## TASK GOAL
Copy the lines below exactly, starting at the one with "Apartment for rent" and ending at the one with "DEU, 1 BL, Frauen, 1 FC Union vs Werder Bremen, 23", and leave out any picture.

## RECORD EXCERPTS

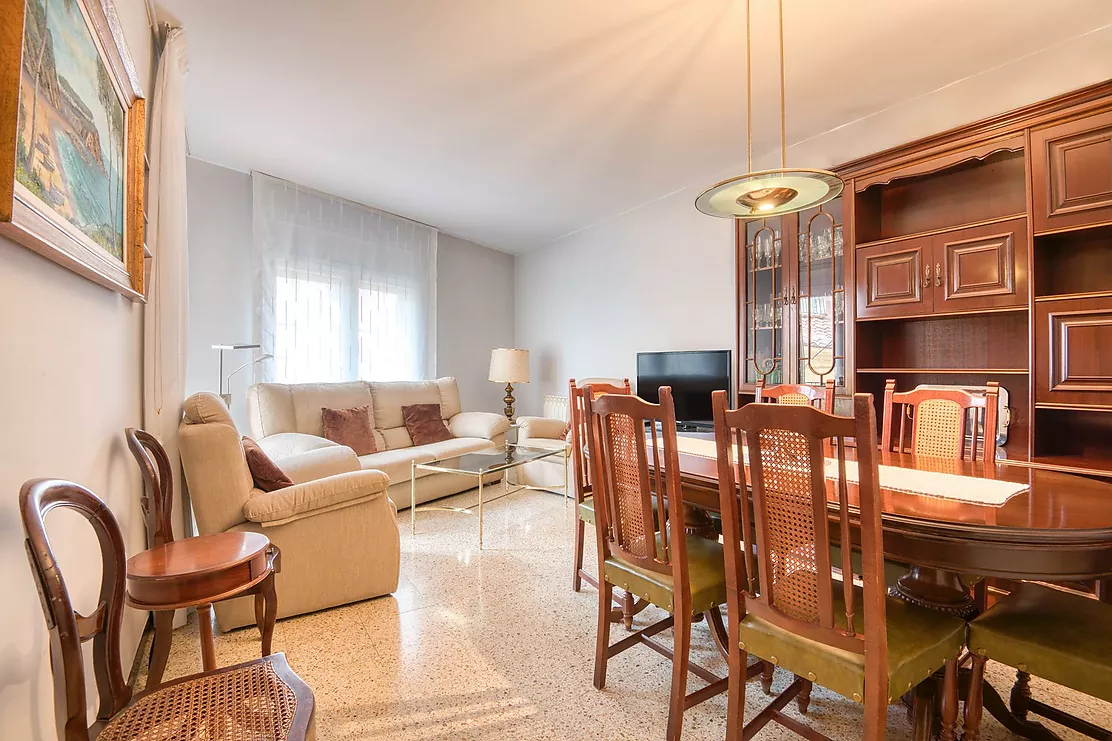 Renovated apartment two minutes from the sea.- Sant Feliu de Guíxols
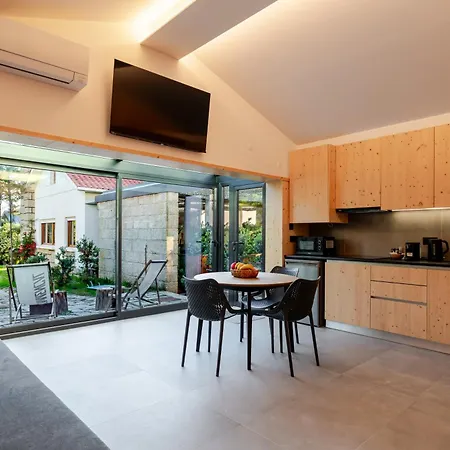 Willa Premium Retreat With Garden By Hostwise Darque
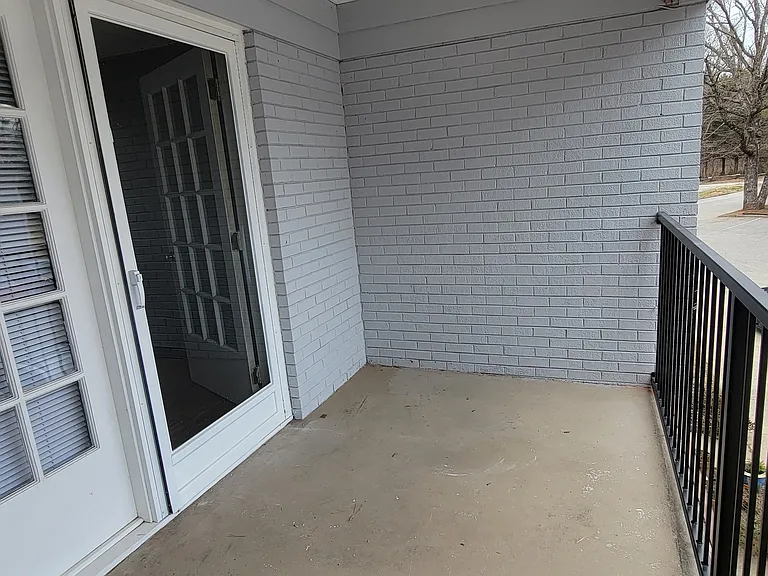 British Lake Manor — Photo 10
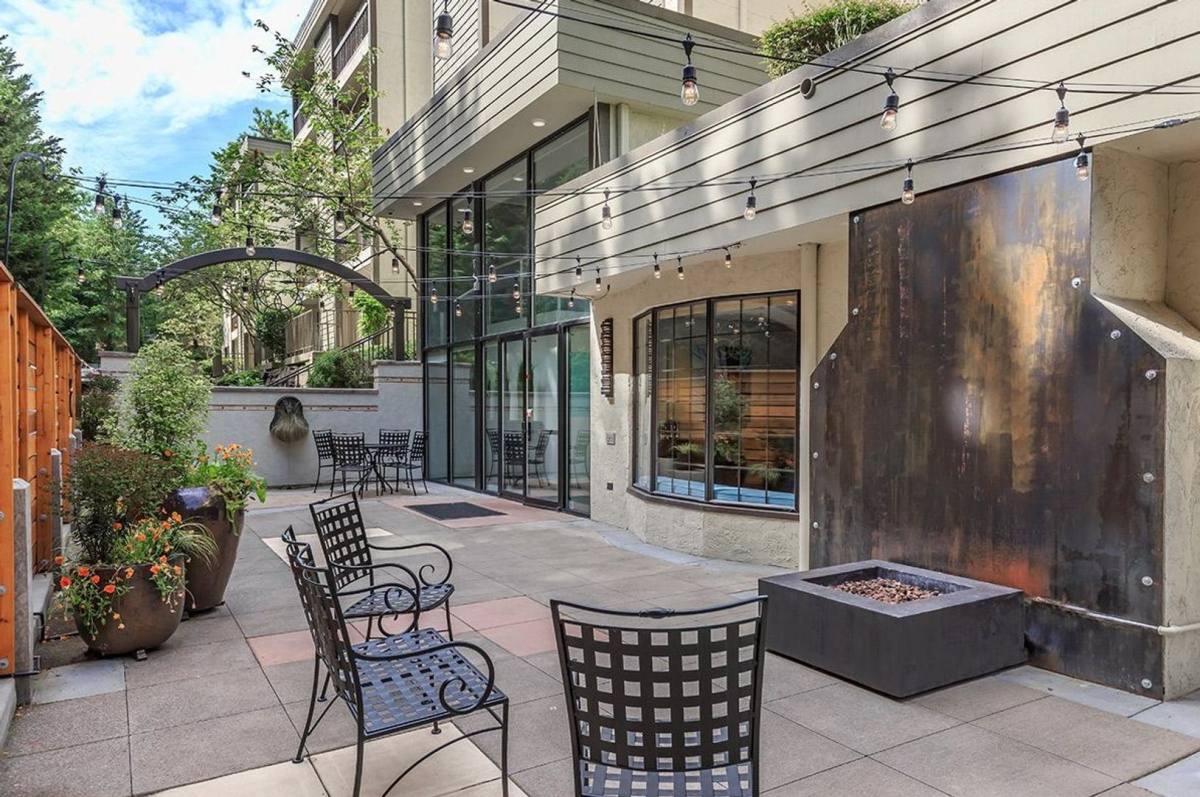Apartment for rent at 3025 NE 137th St, Seattle, WA 98125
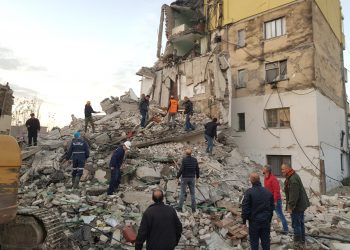 Pamje të rënda/Shihni pasojat e tërmetit (VIDEO)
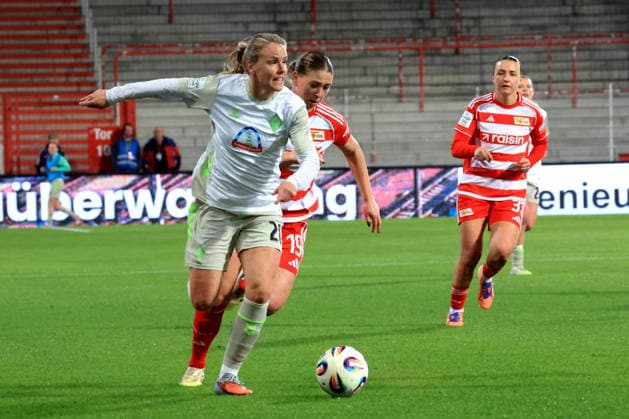 DEU, 1 BL, Frauen, 1 FC Union vs Werder Bremen, 23 03 2026, Stadion Alte Foersterei, Berlin, DEU, 1 BL, Frauen, 1 FC Union vs Werder Bremen, im Bild Samantha Steuerwald 1 FC Union Berlin 19 , Lena Petermann Werder Bremen 20 DFL regulations prohibit any use of Photographs as image sequences and or quasi video nordphotoxGmbHx xEngler nph00076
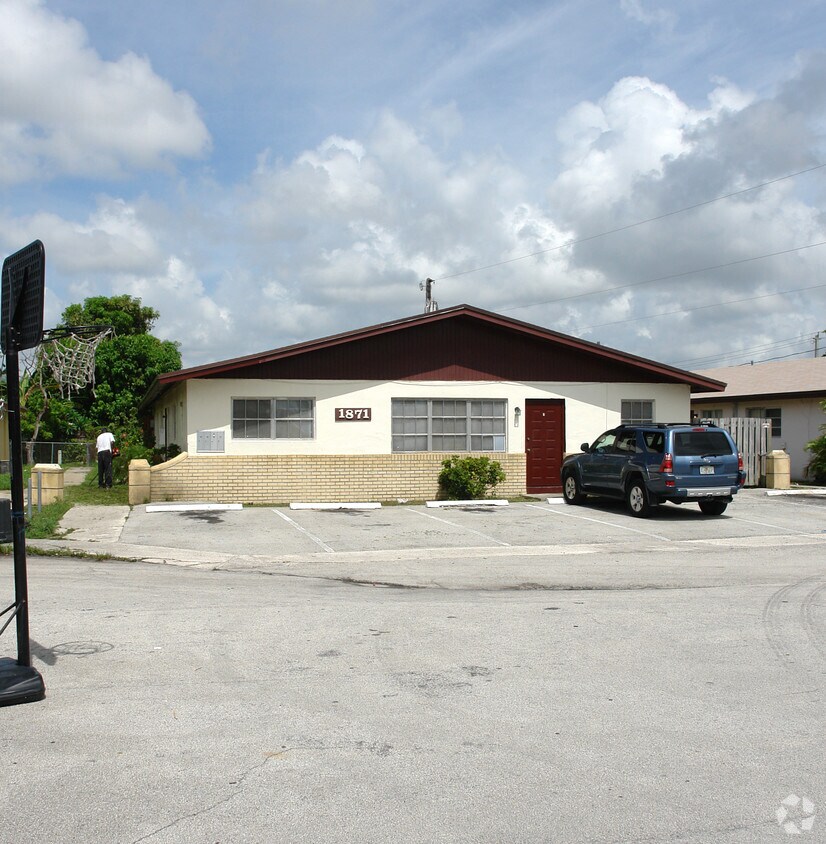 Foto del edificio - 1871 NW 59th Way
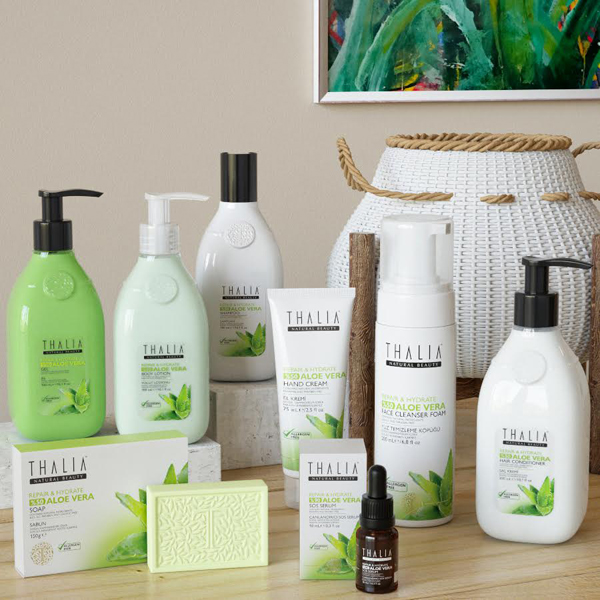 Ölümsüzlüğün bitkisi aloe vera ile saçlarınıza ve cildinize can katın!
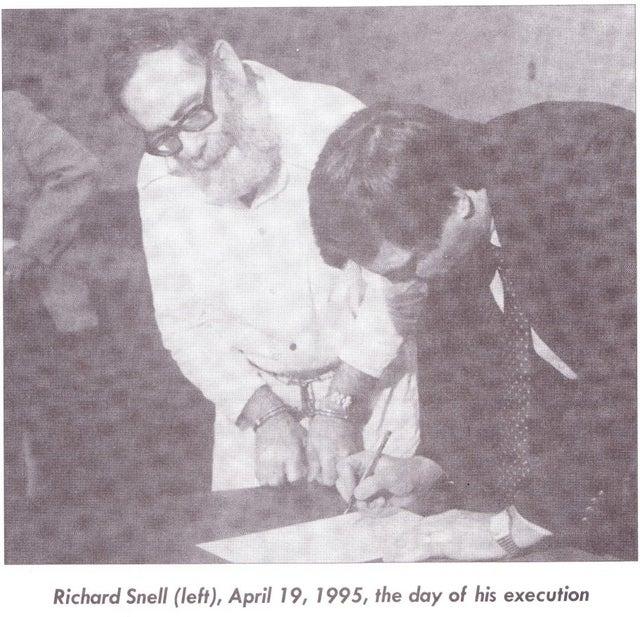 TIL convicted murderer Richard Wayne Snell repeatedly predicted there would  be a bombing or explosion on the day of his execution or after, April 19,  1995. On that day, he smiled and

## TASK SOLUTION
Apartment for rent at 3025 NE 137th St, Seattle, WA 98125
 Pamje të rënda/Shihni pasojat e tërmetit (VIDEO)
 DEU, 1 BL, Frauen, 1 FC Union vs Werder Bremen, 23 03 2026, Stadion Alte Foersterei, Berlin, DEU, 1 BL, Frauen, 1 FC Union vs Werder Bremen, im Bild Samantha Steuerwald 1 FC Union Berlin 19 , Lena Petermann Werder Bremen 20 DFL regulations prohibit any use of Photographs as image sequences and or quasi video nordphotoxGmbHx xEngler nph00076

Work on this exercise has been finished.